Wilder Performer: Robert Calvert mit der Band Hawkwind auf der Bühne. © Getty Images

Passionierter Pilot: Franz Josef Strauß steigt im Jahr 1961 in Manching in einen der frisch angeschafften Starfighter – die als „Witwenmacher“ berüchtigt werden. © Sz-Photo

Verrückte Ideen sind im Laufe der Jahrzehnte ja schon einige auf Pop-Platten gebannt worden. Aber Franz Josef Strauß und seine Starfighter-Affäre zum Thema eines komödiantischen Hardrock-Albums zu machen, dafür musste man schon eine besonders blühende Fantasie haben. Zumal, wenn man ein britischer Musiker war wie Robert Calvert, der gerade mit einem Hit die Charts erklommen hatte. Doch vor 50 Jahren kam Calverts Kuriosität „Captain Lockheed and the Starfighters“ auf den Markt.

Der Hit, den er geschrieben hatte, hieß „Silver Machine“, seine Band Hawkwind. Beim Titel des Songs hatte Calvert zwar sein silbernes Fahrrad im Kopf, aber Flugobjekte waren seit jeher seine Leidenschaft. Als der Sänger und Autor zu Hawkwind stieß, modelte er ihr Image in seinem Sinne um – zu einer „Science-Fiction-Rock-Band“. Die treibenden, ausufernden Stücke handelten von Weltraum-Fahrten, die Platten hießen „In Search of Space“ oder „Space Ritual“.

Aufgewachsen war das 1945 in Südafrika geborene Nachkriegskind in der Nähe der US-Luftwaffen-Basis Manston und deren nuklear bestückter Bomber auf der englischen Seite des Ärmelkanals. „Ich bin mit den Starfightern groß geworden“, erzählte Calvert der verwunderten Presse bei Erscheinen der Platte. „Ich musste einfach über sie schreiben.“

Und so kam er offenbar auch auf Franz Josef Strauß. Denn der schillernde Überschall-Flieger F-104 „Starfighter“ (Höchstgeschwindigkeit etwa 2260 km/h) war 1958 auf Betreiben des damaligen deutschen Verteidigungsministers bei der US-Firma Lockheed bestellt worden. Ob dabei Schmiergeld gezahlt worden war, wie einige Quellen nahelegen, ließ sich später nicht nachweisen. Jedoch strotzte der Jäger nur so vor technischen Mängeln. So gingen bis zu seiner Abschaffung 300 Exemplare durch Unfälle verloren, davon 269 durch Abstürze. Einschließlich des letzten Unfalls im Jahr 1984 verunglückten 116 Piloten tödlich (108 Deutsche und acht US-Amerikaner). Im Volksmund hieß der Vogel „Witwenmacher“.

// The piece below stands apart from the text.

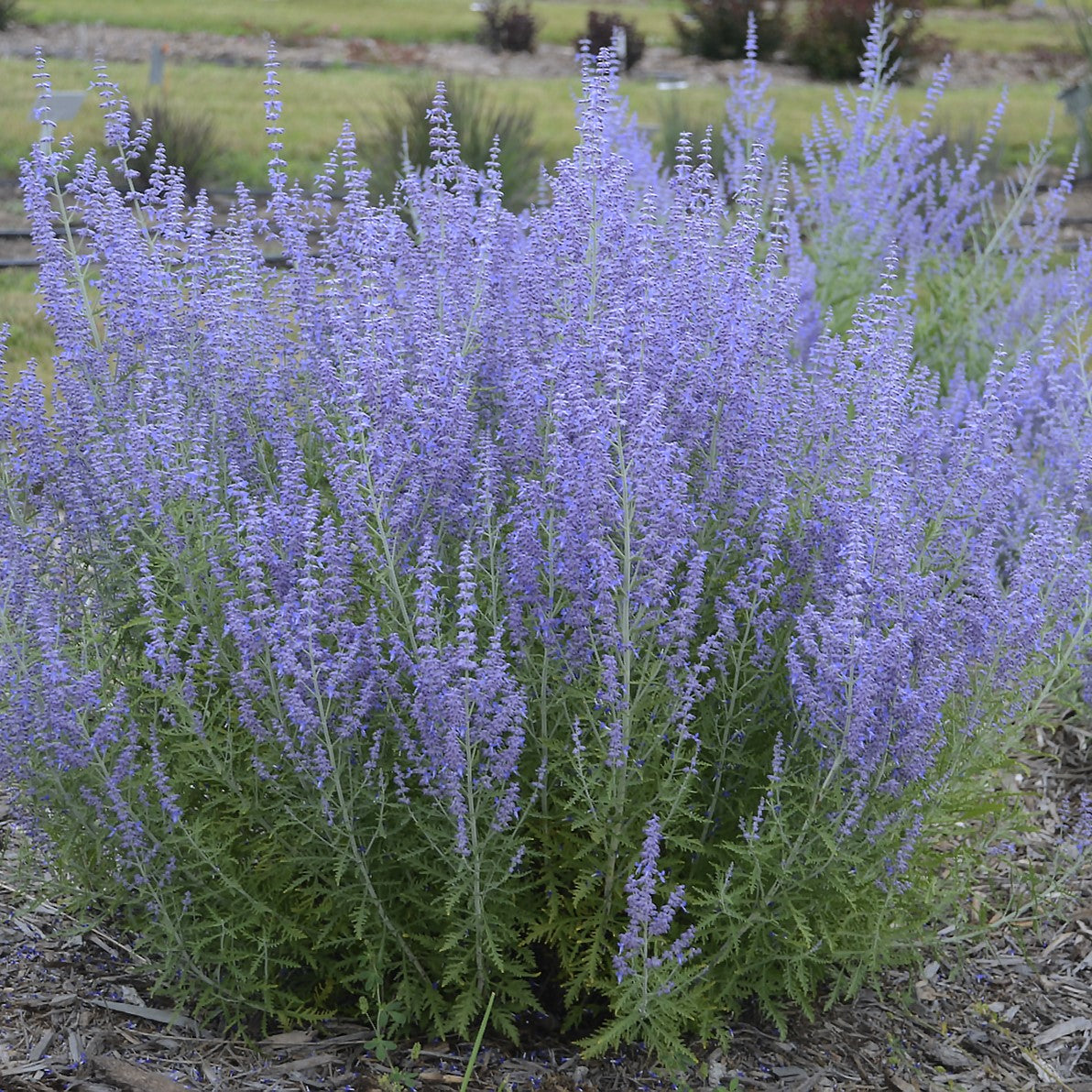 Perovskia atriplicifolia 'Blue Jean Baby' 1G (Russian Sage)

So ist auf der Platte auch ein Song namens „Widowmaker“ zu hören. Doch nicht nur das. Die Eröffnungsnummer trägt den denkwürdigen Titel „Franz Joseph Strauss, Defence Minister, reviews the Luftwaffe in 1958. Finding it somewhat lacking in Image Potential“ („Verteidigungsminister Franz Josef Strauß inspiziert 1958 die Luftwaffe. Er findet, dass es ihr an Imagepotenzial mangelt“). Ein völlig abgedrehter Hörspiel-Schnipsel, der an die Sketche von Monty Python erinnert und von denen es einige auf der Platte gibt.

Allerdings finden sich hier auch astreine Rocknummern. Kein Wunder bei der Band: einem Großteil von Hawkwind – zu denen auch Lemmy Kilmister gehörte, der später mit Motörhead zum coolsten Rocker aller Zeiten avancieren sollte. Dazu Paradiesvogel Brian Eno, der gerade bei Roxy Music ausgestiegen war. Und an den Reglern Produzent Roy Thomas Baker, der wenige Wochen später „Bohemian Rhapsody“ von Queen in Szene setzen sollte.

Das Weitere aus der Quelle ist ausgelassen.